After weeks of speculation on how the TV series Mad Men would end—most of it glaringly wrong, some of it surprisingly close—those of us who have seen the actual finale are left to ponder the question: What did it all mean?
Here at BUST, however, the answer is pretty clear. The biggest difference from the ’60s, when the show began, to the early ’70s, where the show wraps up, can be summed up in a single word: Feminism. And the impact of that change was made abundantly clear in each of the closing stories for the three main female characters: Betty, Peggy, and Joan.
[CAUTION: SPOILERS AHEAD]
Betty: The most old-school of the group, Betty Francis (ex Draper) was, at the beginning of the show, a happy housewife — of sorts, at least — putting up with her husband’s philandering ways and enjoying the benefits of his financial success.

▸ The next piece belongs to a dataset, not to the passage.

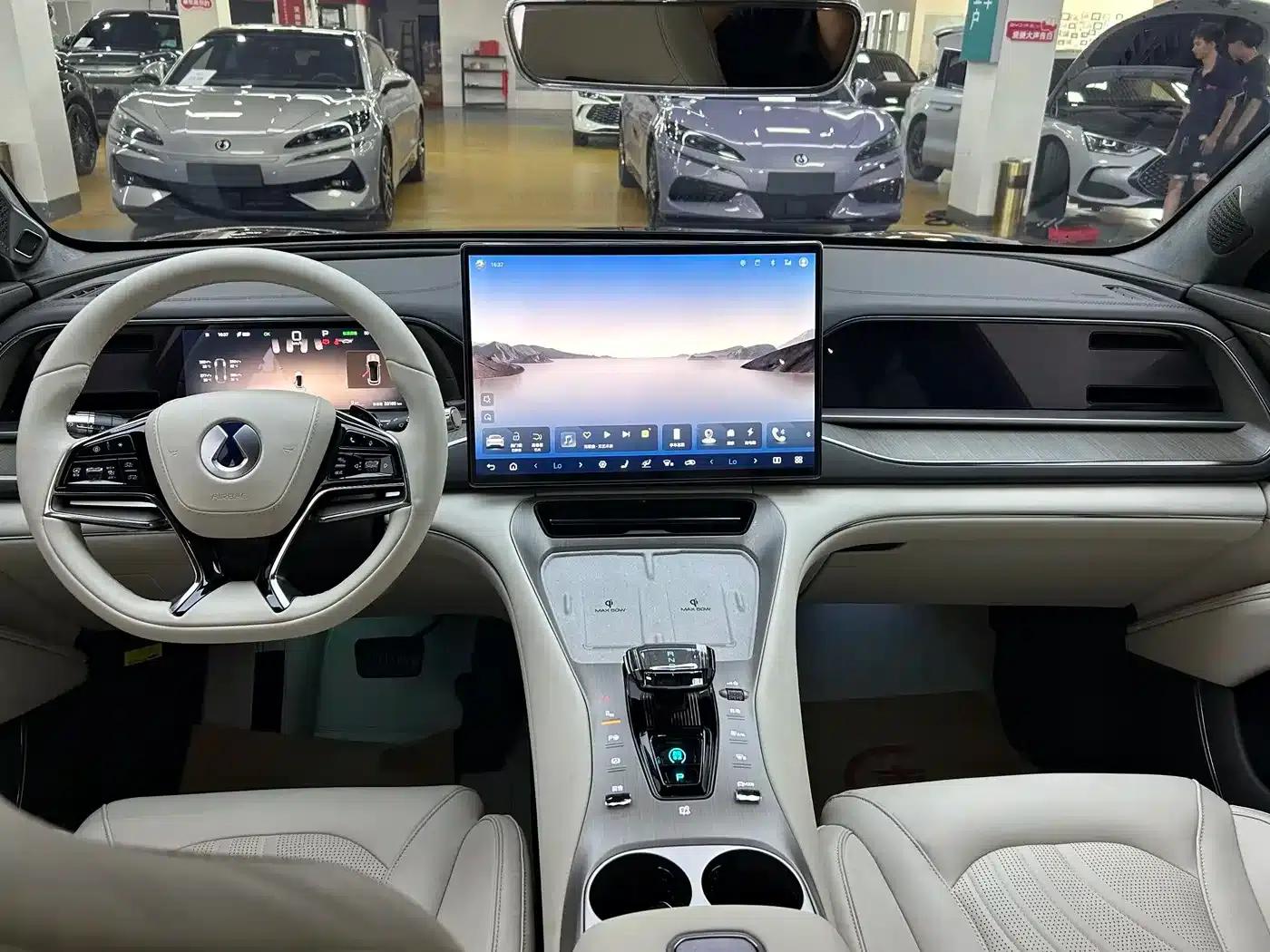 Denza N7 2024 630 AWD Intelligent Driving Max Edition — миниатюра 6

But throughout the series, there were hints that Betty was wrestling with a degree of dissatisfaction in that role. She was, it seems, the embodiment of Betty Friedan’s “problem that has no name.” And although she did, in the final season, decide to go back to school and get a degree, the death of Betty represents the death of the kind of traditional female role she lead, which was, for many years, the only role most women were offered. As a result of Betty Friedan and a raft of women, the 70s finally saw the death of the “feminine mystique,” and if anyone embodied that mystique, it was Betty.
Peggy: A bit younger than Betty, Peggy always had her mind on her career and her career on her mind, which was a rarity for women when she started. In her progress up the corporate ladder she was continuously battling sexism, whether having her ideas belittled or outright stolen, or, more recently, being mistaken for a secretary and not even having an office at the new company. We’ve seen Peggy through a number of romances, but these were always just the B plots to a life that was all about being a financially independent woman, and making it in a man’s world. In the end, she gets a man, yes, but it’s clearly not for financial stability (her suiter is lower in rank than she is at the company), but purely for love. Will they get married? Who knows. Peggy needs a man like a fish needs a bicycle, but she needs a career like a fish needs water. Her wrap-up embodies the goals of 70s feminism.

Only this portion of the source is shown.